- Born: Aaron James Loder September 4, 1991 (age 34) Stephenville, Newfoundland
- Occupations: Livestreamer, Speedrunner
- Website: www.b-rex.tv

= Bananasaurus Rex =

Canadian streamer and speedrunner

Aaron James Loder, professionally known as Bananasaurus Rex, is a Canadian Twitch streamer and a video game speedrunner.

Loder was the first to successfully perform a solo eggplant run in Derek Yu's roguelike platformer Spelunky. An eggplant run is a luck-based and challenging endeavor originally meant for co-op play only. It was thought impossible to do solo.

Loder started his speedrunning career with Portal 2. He was able to simultaneously hold world records for 48 of the 51 levels at once.

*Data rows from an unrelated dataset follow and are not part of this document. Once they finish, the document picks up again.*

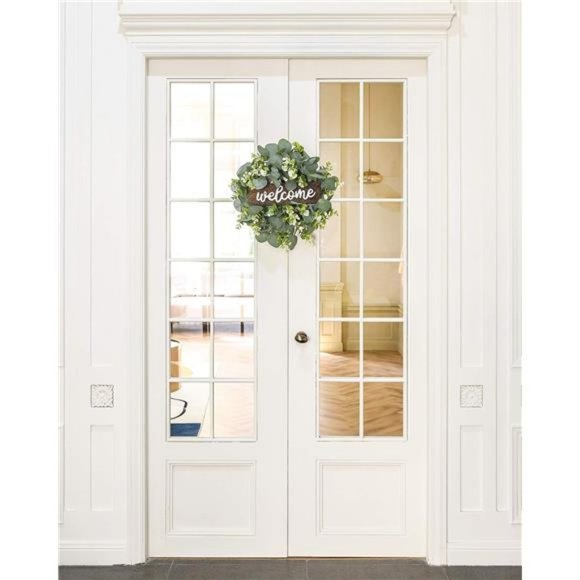 Welcome Sign Wreath 16'' Rustic Round Hanging Door Decor Outdoor Indoor - Picture 3 of 8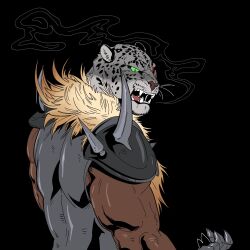1boy animal_head armor armor_king black_background clawed_gauntlets commentary dark-skinned_male dark_skin english_commentary fangs green_eyes highres male_focus muscular muscular_male open_mouth pauldrons scar scar_across_eye scar_on_face shibuyadogs shoulder_armor solo spiked_pauldrons spikes teeth tekken tekken_8 upper_body whiskers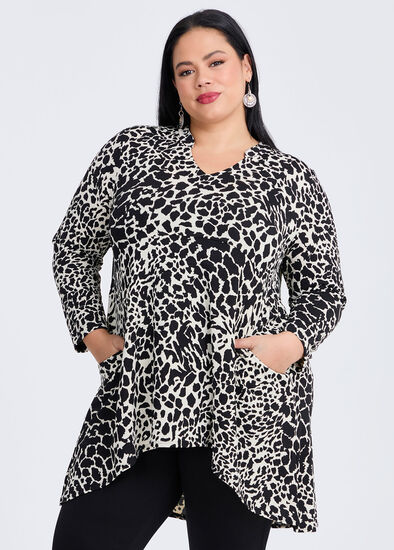 Plus Size Relaxed Animal Tunic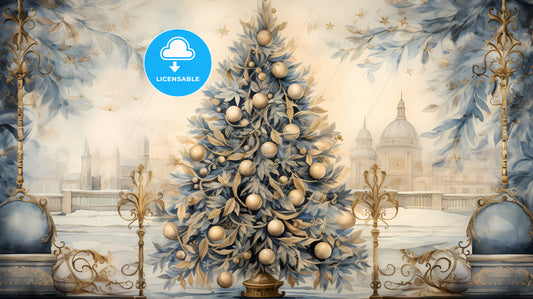 A Painting Of A Decorated Tree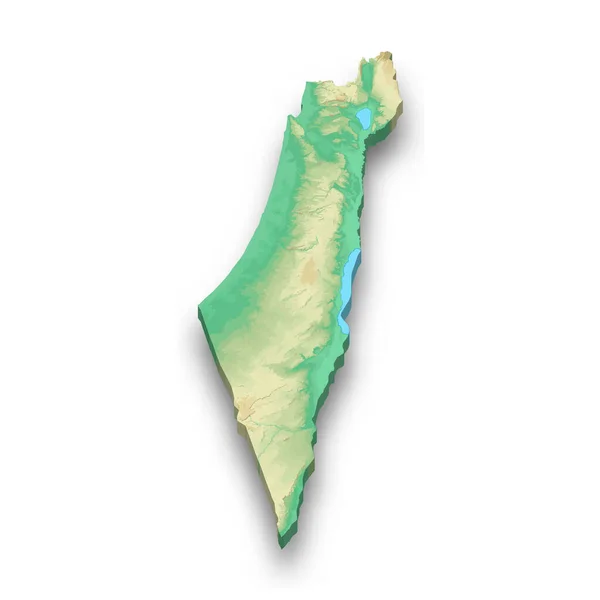 Ισομετρικός Ανάγλυφος Χάρτης Του Ισραήλ Σκιά — Διανυσματικό Αρχείο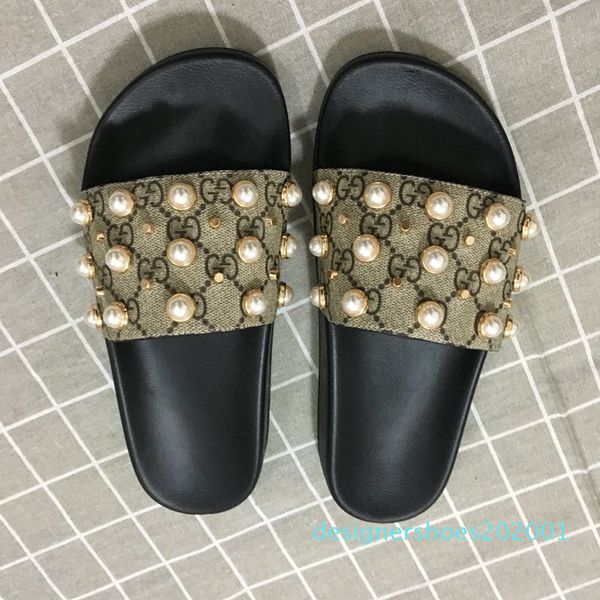 

new arrival mens and womens fashion causal designer sandals with pearl effect and gold toned studs designer flip flops d01, Black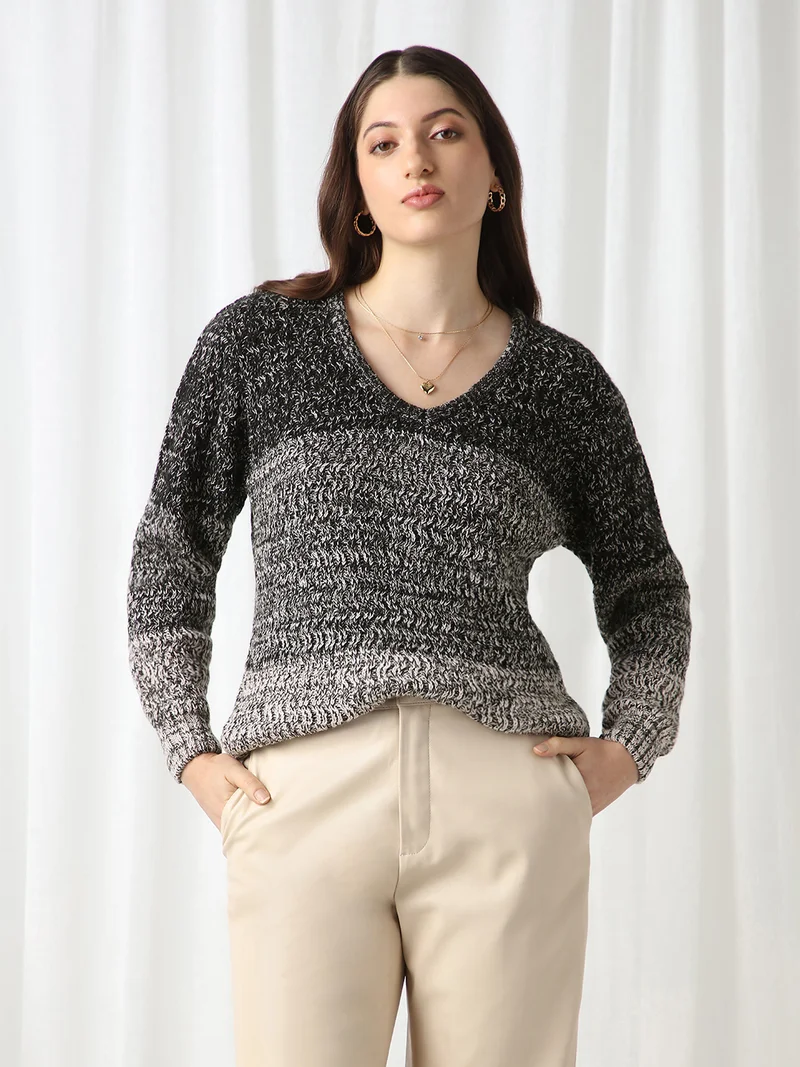 globus Globus Women Black Ombre Self Design V-Neck Acrylic Pullover Sweater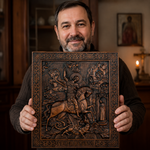 St. George the Victorious Hand-Carved Wood Icon – A Symbol of Courage & Faith - design detail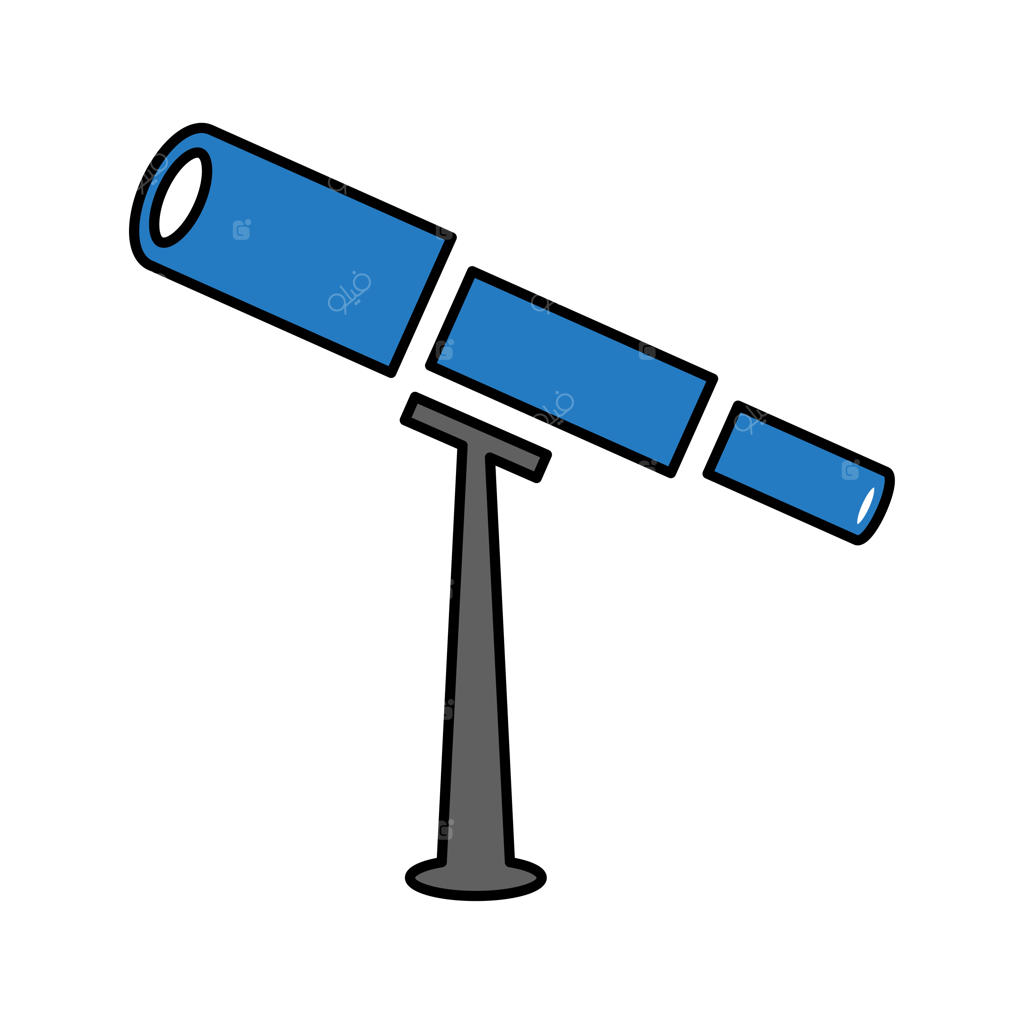 آیکون تلسکوپ و آموزش نجوم، ایده‌آل برای رسانه‌های چاپی، وب و استفاده تجاری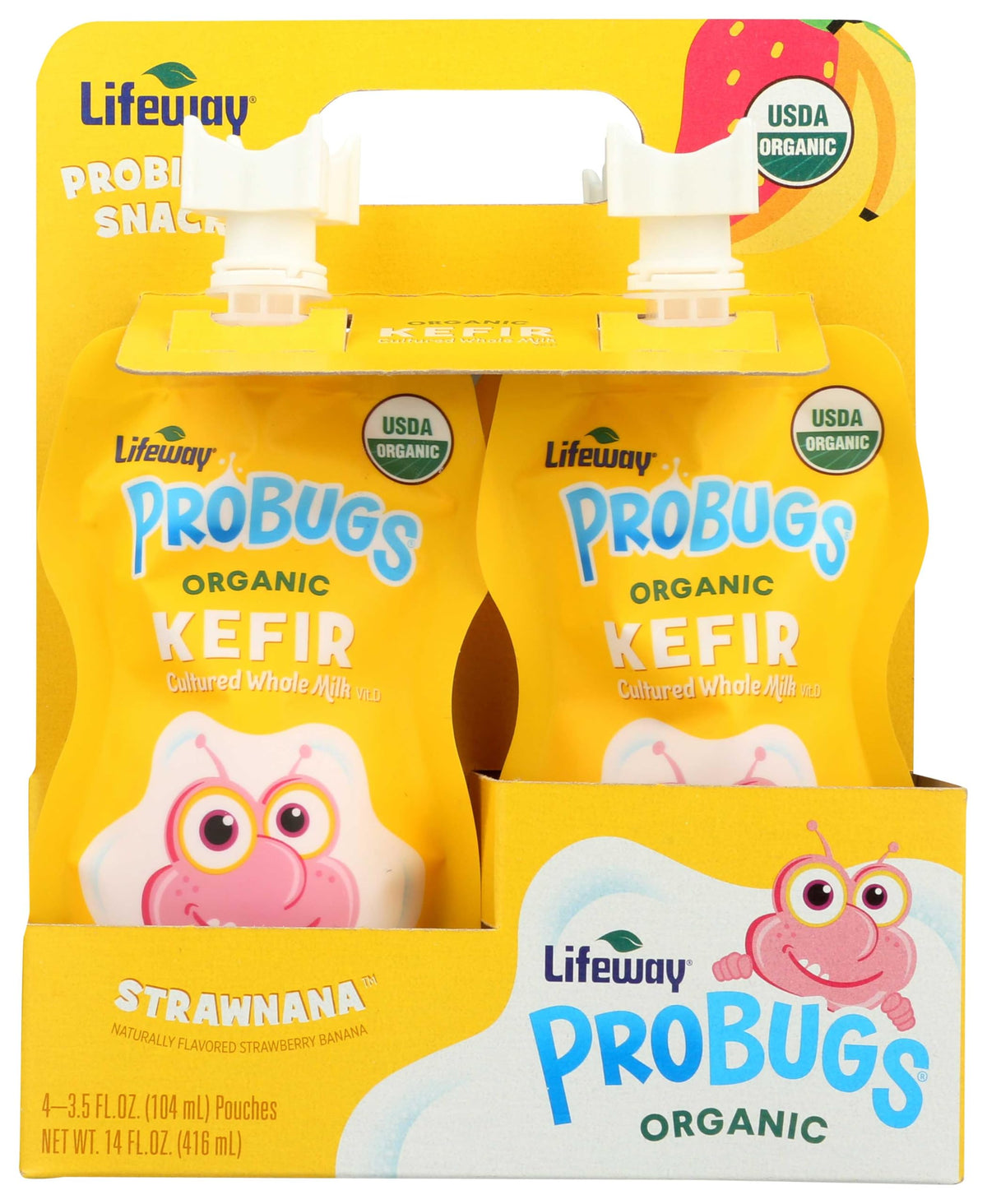 Lifeway Strawnana Organic Probugs Whole Milk Kefir by Lifeway Kefir – 3.5 Fluid Ounce
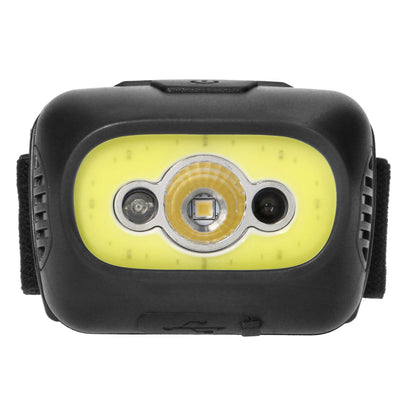 LED COB + LED Stirnlampe 3W, Berührungsloser Schalter, 1200mAh Akku, Schwarz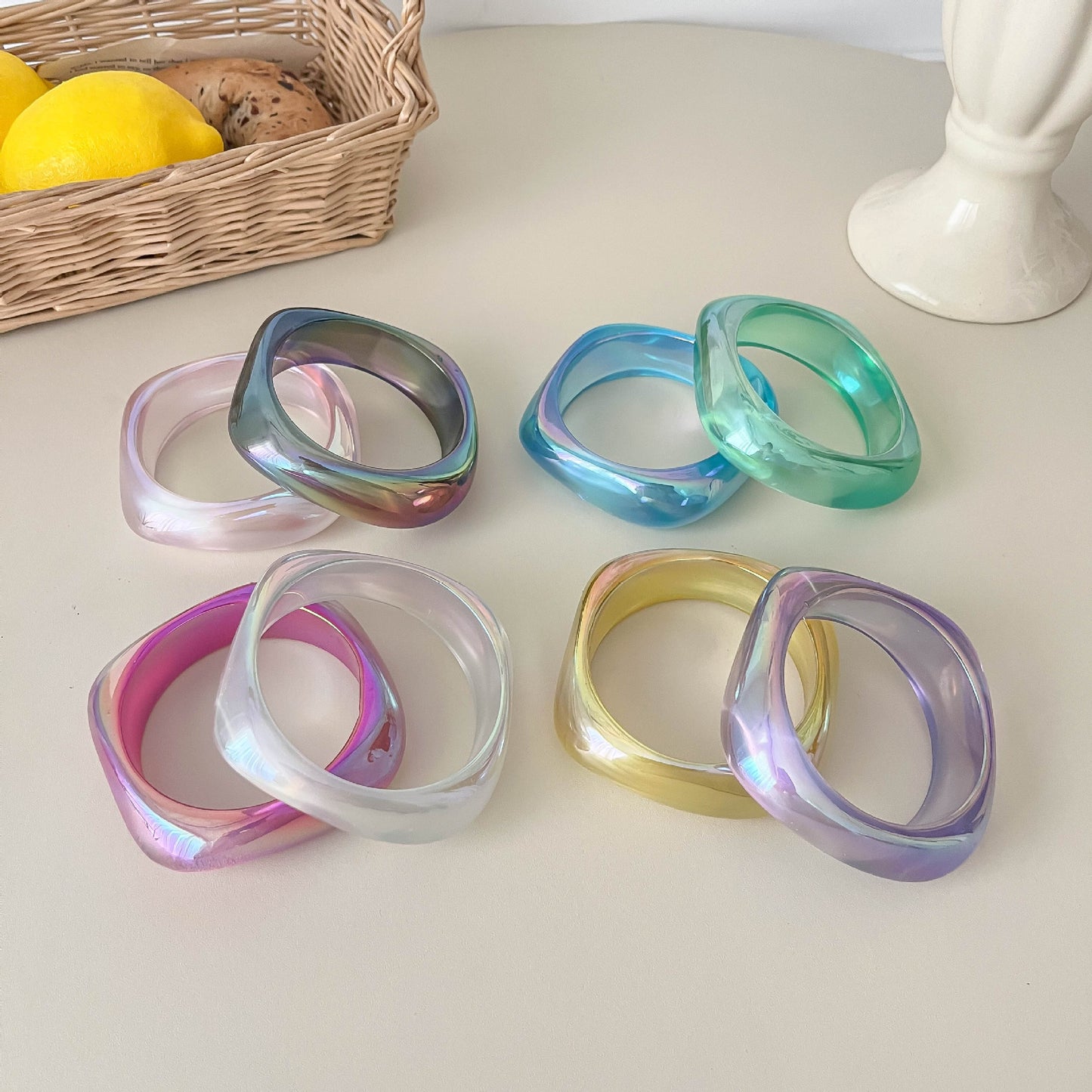 Bracelets en acrylique transparent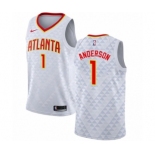 Men's Nike Atlanta Hawks #1 Justin Anderson Authentic White NBA Jersey - Association Edition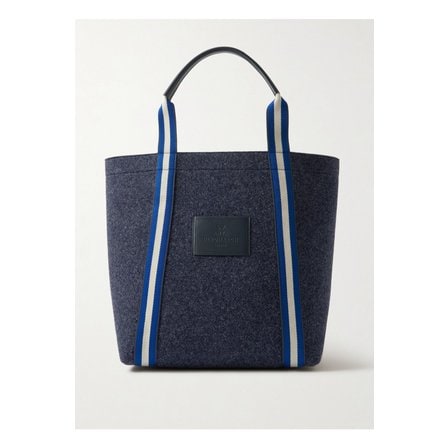 안야힌드마치 폰트 캔버스 자카드 가죽 트리밍 리사이클 울 펠트 토트 네이비 1647597339919031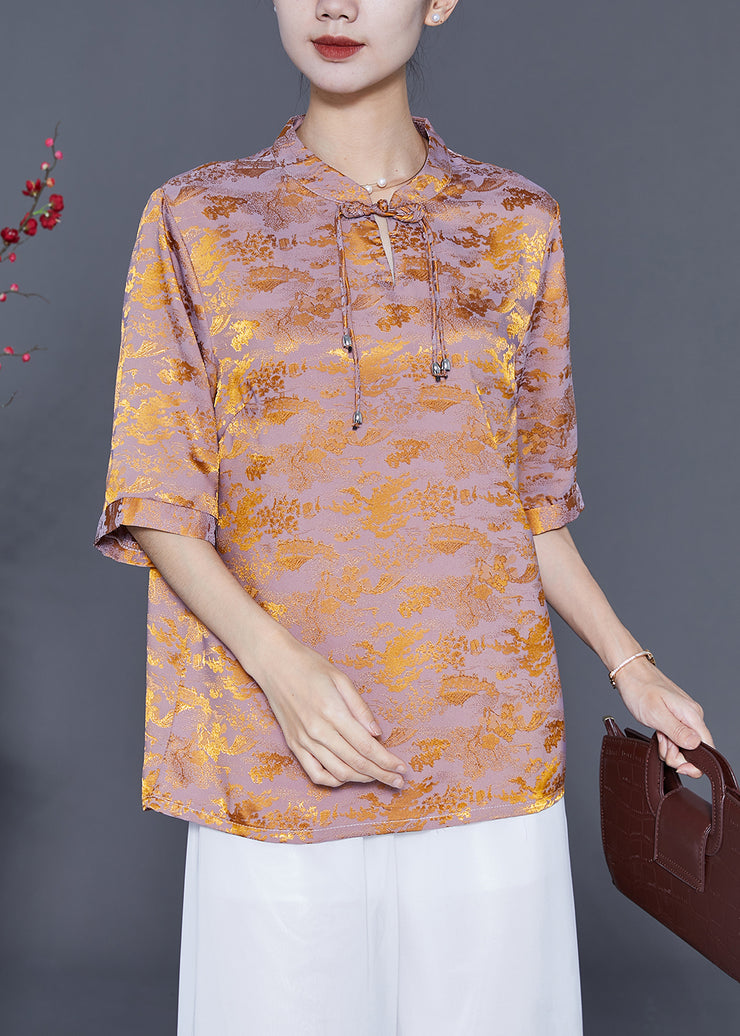 Chinese Style Golden Purple Mandarin Collar Tassel Print Silk Shirts Summer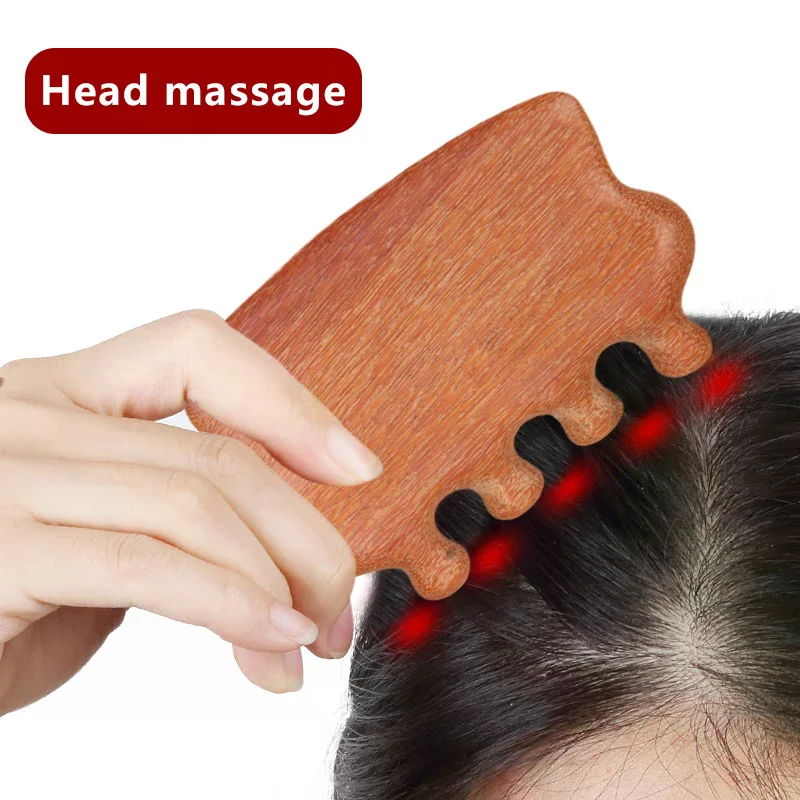 

Five Teeth Head Massage Sandalwood Hair Comb Scalp Relax Acupoint Massager Portable Wooden Handle Comb Anti-static Styling Tool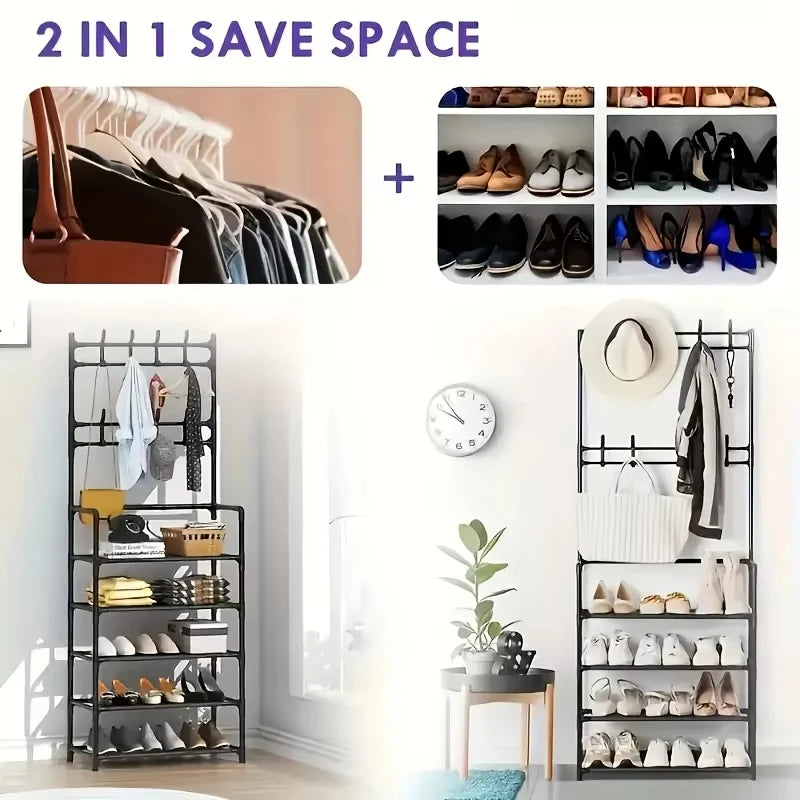 Shoe & Coat Rack 5-Tier Large Capacity Entryway Organizer Space-Saving Layered Storage for Apartment Dorm Home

Since summer 2013, Loder has been streaming regularly on Twitch. At first, he mainly streamed speedruns of Spelunky, though after building up a large enough fan base to obtain a Twitch partnership, he was able to quit his main job and continue livestreaming on a full-time basis. He found his niche as a variety streamer, streaming a wide range of games ranging from indie to triple A.

Besides Portal 2, Loder has also done speedruns of Dustforce, Paranautical Activity, Risk of Rain, Spelunky, Dark Souls II, 1001 Spikes and Wings of Vi. He has held speedrunning world records in all of these games.

In September 2015, he became the first person to beat PangaeaPanga's Super Mario Maker level "Bomb Voyage", succeeding after a collective effort of over 11,000 failed attempts.